▸ **What you will do**
Which of the lines below contain the string "image"? Copy each one.

▸ **Record extracts**

--------

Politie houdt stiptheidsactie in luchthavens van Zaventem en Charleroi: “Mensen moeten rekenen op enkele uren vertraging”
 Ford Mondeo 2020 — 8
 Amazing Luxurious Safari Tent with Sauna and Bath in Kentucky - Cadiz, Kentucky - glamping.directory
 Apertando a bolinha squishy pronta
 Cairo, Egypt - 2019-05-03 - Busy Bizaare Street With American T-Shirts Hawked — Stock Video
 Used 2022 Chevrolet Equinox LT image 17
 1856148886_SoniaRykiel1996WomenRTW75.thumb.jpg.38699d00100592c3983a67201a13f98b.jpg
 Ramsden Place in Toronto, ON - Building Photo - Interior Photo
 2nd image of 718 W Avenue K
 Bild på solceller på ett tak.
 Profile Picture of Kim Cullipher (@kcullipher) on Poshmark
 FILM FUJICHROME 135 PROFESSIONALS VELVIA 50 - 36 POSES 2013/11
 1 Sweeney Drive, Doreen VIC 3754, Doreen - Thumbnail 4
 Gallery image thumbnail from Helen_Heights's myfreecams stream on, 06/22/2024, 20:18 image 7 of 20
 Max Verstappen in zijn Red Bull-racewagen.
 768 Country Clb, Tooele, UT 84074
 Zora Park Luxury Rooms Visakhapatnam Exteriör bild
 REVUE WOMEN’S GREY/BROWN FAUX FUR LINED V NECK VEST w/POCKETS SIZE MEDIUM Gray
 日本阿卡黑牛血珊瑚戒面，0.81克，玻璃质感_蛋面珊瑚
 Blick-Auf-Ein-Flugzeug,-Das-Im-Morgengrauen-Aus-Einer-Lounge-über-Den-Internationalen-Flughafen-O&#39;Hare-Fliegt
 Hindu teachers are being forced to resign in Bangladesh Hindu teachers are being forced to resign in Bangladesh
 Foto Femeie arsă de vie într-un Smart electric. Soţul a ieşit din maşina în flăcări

--------

▸ **Exercise output**
 Used 2022 Chevrolet Equinox LT image 17
 2nd image of 718 W Avenue K
 Gallery image thumbnail from Helen_Heights's myfreecams stream on, 06/22/2024, 20:18 image 7 of 20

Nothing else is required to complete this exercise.